:: DESCRIPTION OF THE TASK ::
Reproduce the data below exactly as written. Pictures do not belong in the copy.

↓↓↓

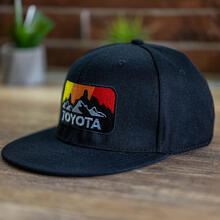 Toyota TRD Retro Vintage Snapback Hut
 6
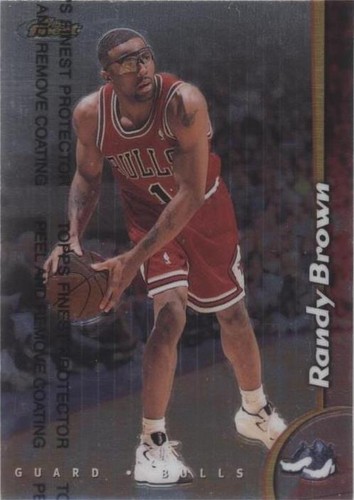 1998-99 Topps Finest - Randy Brown #151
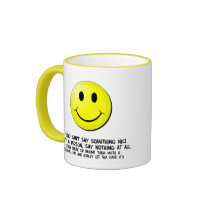 Have A Nice Day mugs by CrazyCups Have A Nice Day mugs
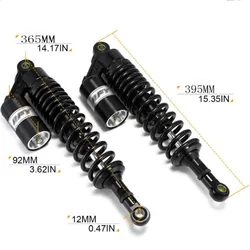 8mm Spring Shock AbsorberMotorcyclefor YAMAHA Tt500 77-81 CB1300 Xt500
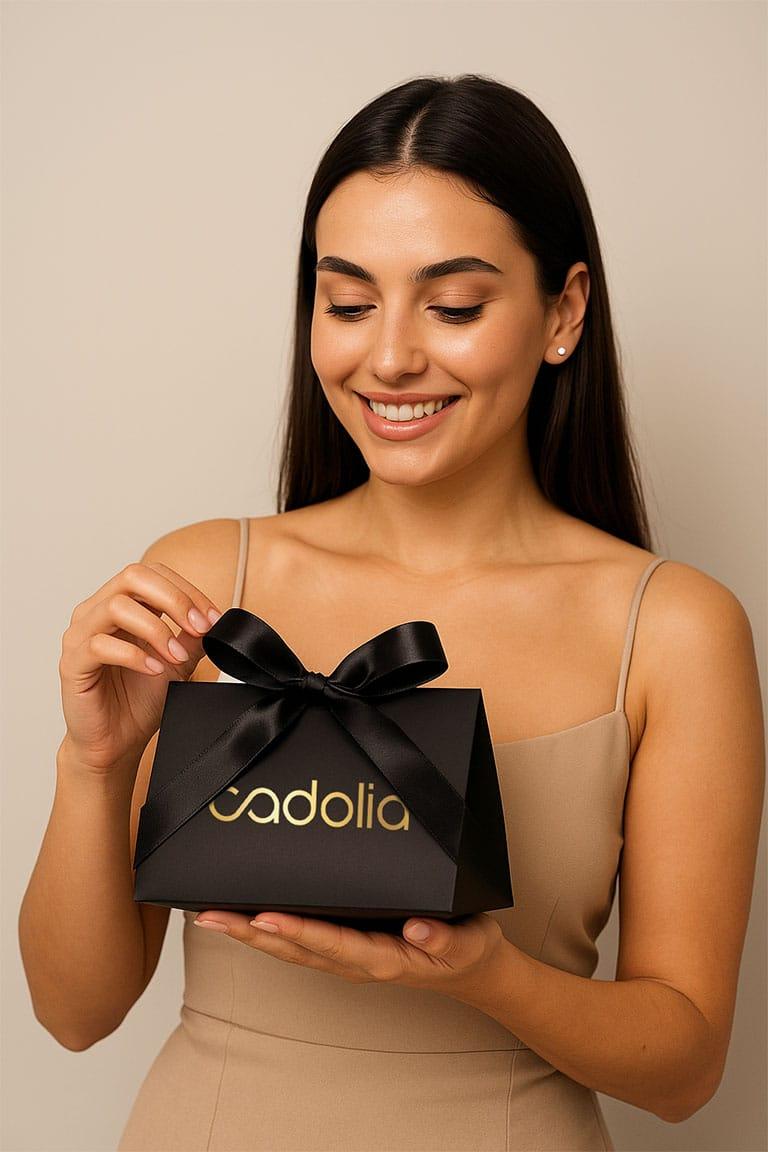 Colier placuta personalizata - model femeie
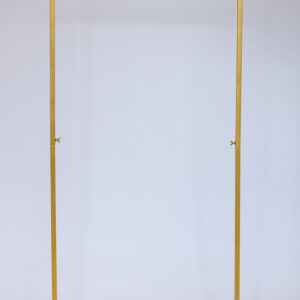 G0007 - Portique rectangulaire doré - Cadre supérieur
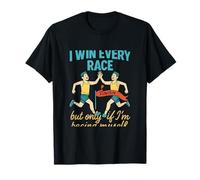 I Win Every Race But Only If I'm Racing Myself T-Shirt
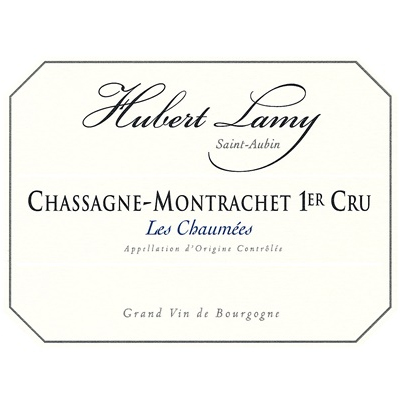 Hubert Lamy Chassagne-Montrachet 1er Cru Les Chaumees 2016 (12x75cl)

↑↑↑

:: COMPLETED EXERCISE ::
 Toyota TRD Retro Vintage Snapback Hut
 6
 1998-99 Topps Finest - Randy Brown #151
 Have A Nice Day mugs by CrazyCups Have A Nice Day mugs
 8mm Spring Shock AbsorberMotorcyclefor YAMAHA Tt500 77-81 CB1300 Xt500
 Colier placuta personalizata - model femeie
 G0007 - Portique rectangulaire doré - Cadre supérieur
 I Win Every Race But Only If I'm Racing Myself T-Shirt
 Hubert Lamy Chassagne-Montrachet 1er Cru Les Chaumees 2016 (12x75cl)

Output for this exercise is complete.